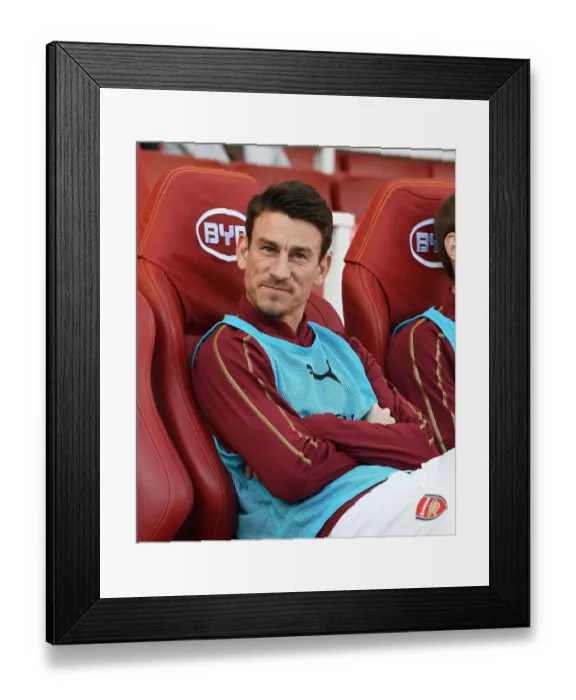 Framed Print : Laurent Koscielny: Focused Ahead of Arsenal vs Southampton Clash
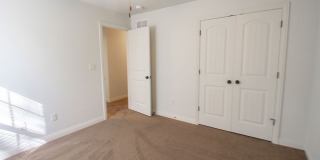 Spacious 4 BDR Duplex Gallery 30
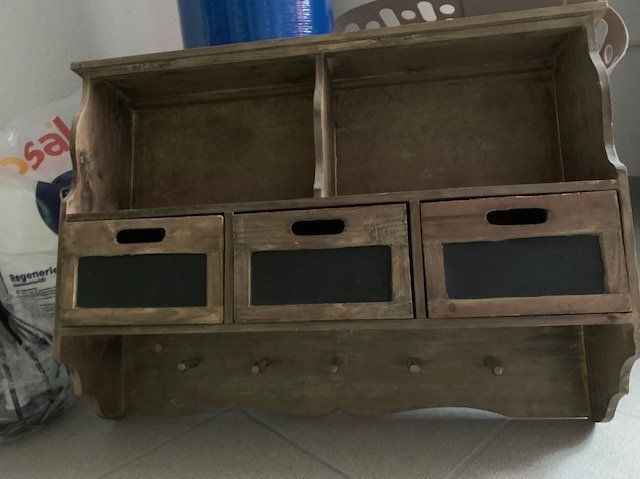 Guardaroba: Vintage Garderobe - leider nicht gebraucht – Nuovo (secondo la descrizione) da Dietfurt venduto da Braendles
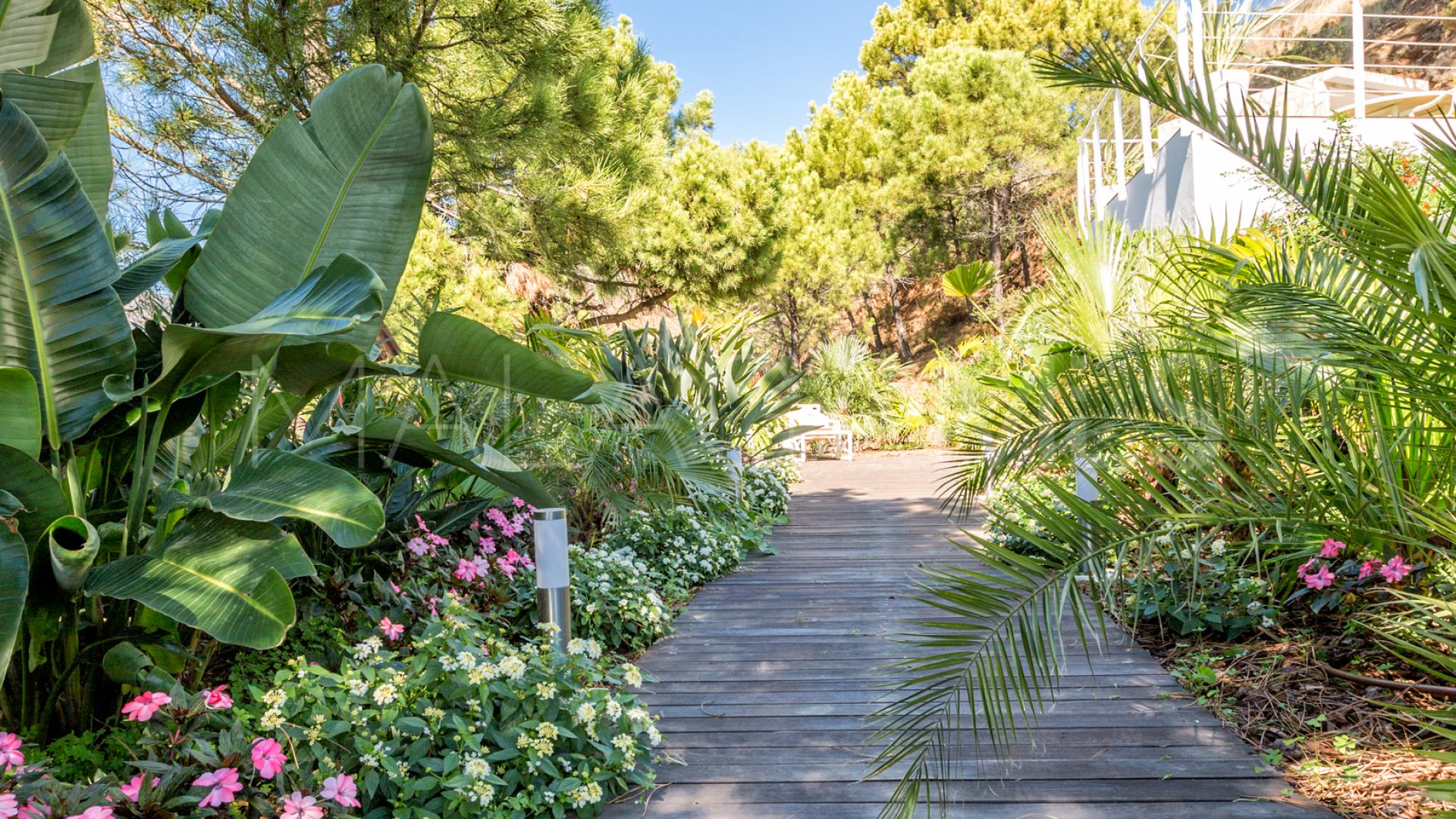 Altos de Estepona, villa for sale de 7 bedrooms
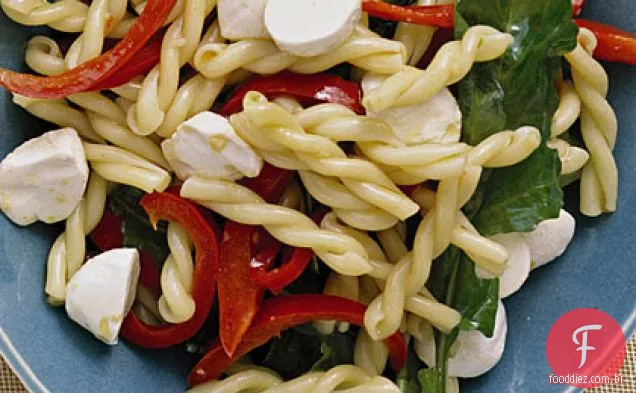 Macarrão com pimentão e mussarela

——————————

• [Problem] Write out the data above exactly as it appears, but without any image.

• [Exercise output]
 Framed Print : Laurent Koscielny: Focused Ahead of Arsenal vs Southampton Clash
 Spacious 4 BDR Duplex Gallery 30
 Guardaroba: Vintage Garderobe - leider nicht gebraucht – Nuovo (secondo la descrizione) da Dietfurt venduto da Braendles
 Altos de Estepona, villa for sale de 7 bedrooms
 Macarrão com pimentão e mussarela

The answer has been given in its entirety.